Se pide a nuestros políticos, no la Iglesia sino todos los ciudadanos, que no olviden la dimensión moral de la representación obtenida en las elecciones, que consiste en el compromiso de compartir el destino del pueblo y en buscar soluciones a los problemas sociales. Nos interesa menos sus principios ideológicos y mucho más el espíritu de servicio, como dijo Juan Pablo II (Christifideles laici, 42). En realidad la comunidad política se construye para servir a la sociedad civil, de la cual deriva. En mi opinión, importa mucho establecer la distinción entre comunidad política y sociedad civil. La razón es sencilla: la sociedad civil es el conjunto de relaciones y de recursos, culturales y asociativos, que tienen que ser autónomos, al menos en una proporción razonable, del ámbito político y económico. Sinceramente no siempre ocurre esto en España, cuando es justo precisamente que participen todos y cada uno en el bien común según proporción debida.
¿Quién duda que la comunidad política y la sociedad civil, aun cuando estén recíprocamente vinculadas, no son iguales en la jerarquía de los fines? Hay quienes niegan esto, cuando es claro que la sociedad política está esencialmente al servicio de la sociedad civil, esto es, de las personas y de los grupos que la componen (cfr. Catecismo de la Iglesia Católica, nº 1910). Cuántos problemas se solucionarían, si esta distinción se observara en nuestra sociedad. Sinceramente: damos demasiada importancia a los políticos, sobre todo cuando éstos piensan que la sociedad civil es un mero apéndice o una variable de la sociedad política.

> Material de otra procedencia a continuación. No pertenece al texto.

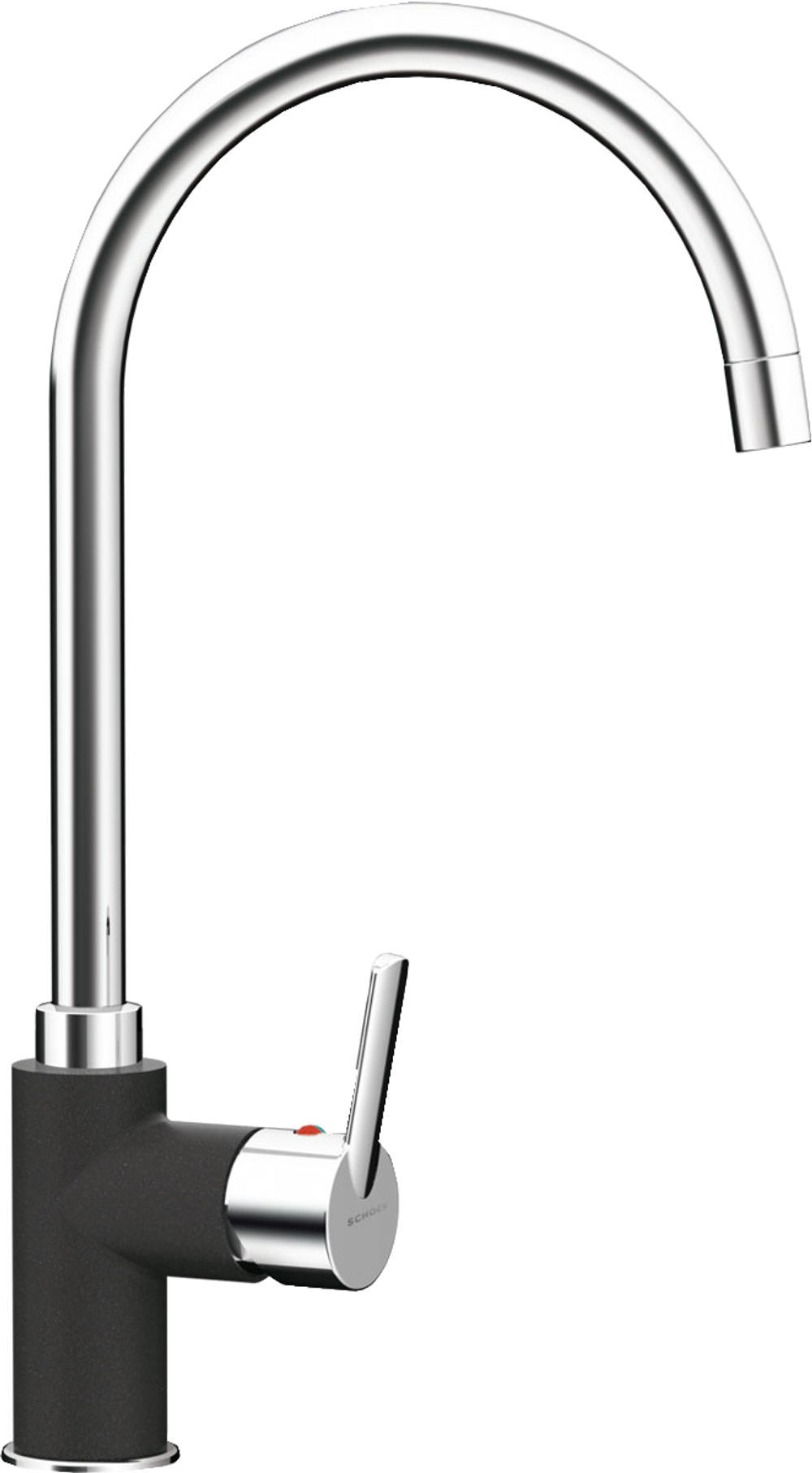 Schock 710234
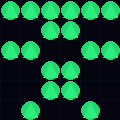 105.157.151.200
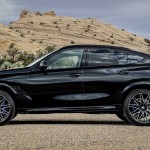 2020-bmw-x6-m-competition9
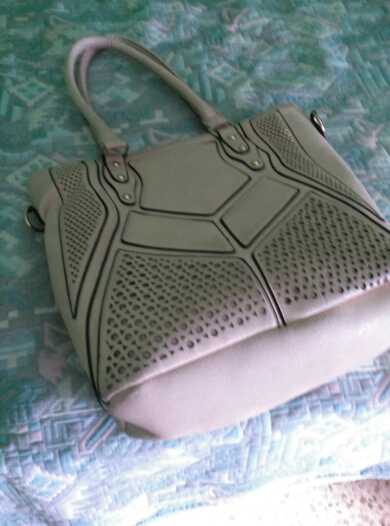 REGALO bolso REGALO bolso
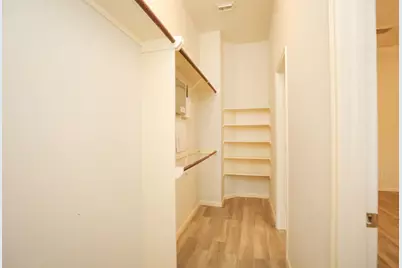 12907 Blackbrook Lane Lane, Houston, TX 77041 - Photo 25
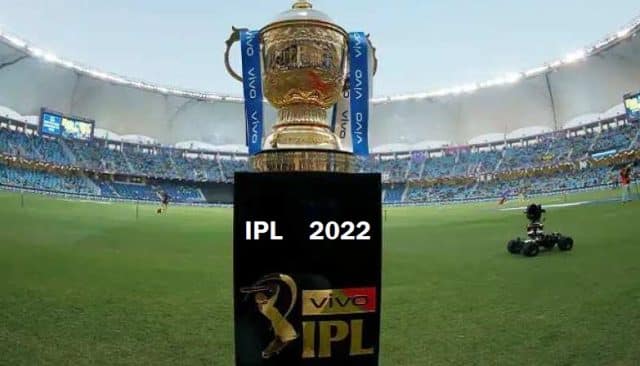 ipl2022finaltobeheldonmay29withfullcrowdcapacityconfirmsbccipresidentsouravganguly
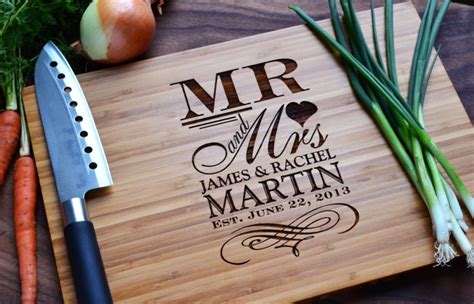 Homemade anniversary gift ideas for her. 5th Wedding Anniversary Gifts for Her - Wedding and Bridal ...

Lo primero es la gente, las personas, la sociedad civil; éstos son los que justifican la existencia de la comunidad política.
Me parece a mí que se tiene poco en cuenta en nuestro tiempo el principio de subsidiariedad, cuando las iniciativas sociales de todo tipo que se realizan fuera de lo estatal, autonómico y local, crea nuevos espacios para la presencia activa y para la acción directa de los ciudadanos, integrando las funciones desarrolladas por el Estado y las otras instancias públicas. En este sentido, el Concilio Vaticano II afirmó solemnemente: ”La comunidad política y la Iglesia son independientes y autónomas, cada una en su propio terreno” (GS, 7); sin embargo esta autonomía no comporta una separación tal que excluya la colaboración: ambas, aunque a título diferente, están al servicio de la vocación personal y social de los mismos hombres y mujeres.
Libertad de expresión, de enseñanza, de evangelización; libertad de ejercer el culto públicamente; libertad de organizarse y tener sus reglamentos internos; libertad de elección, de educación, de nombramiento y de traslado de sus ministros; libertad de construir edificios religiosos; libertad de asociarse para fines no sólo religiosos, sino también educativos, culturales, de salud y caritativos, son derechos de los que hemos venido gozando todos los españoles desde la instauración de la democracia en nuestra patria. Estoy seguro de que así va a suceder ahora que, tras las elecciones locales, comenzamos un nuevo periodo en la gobernación de ayuntamientos, diputaciones y Autonomía.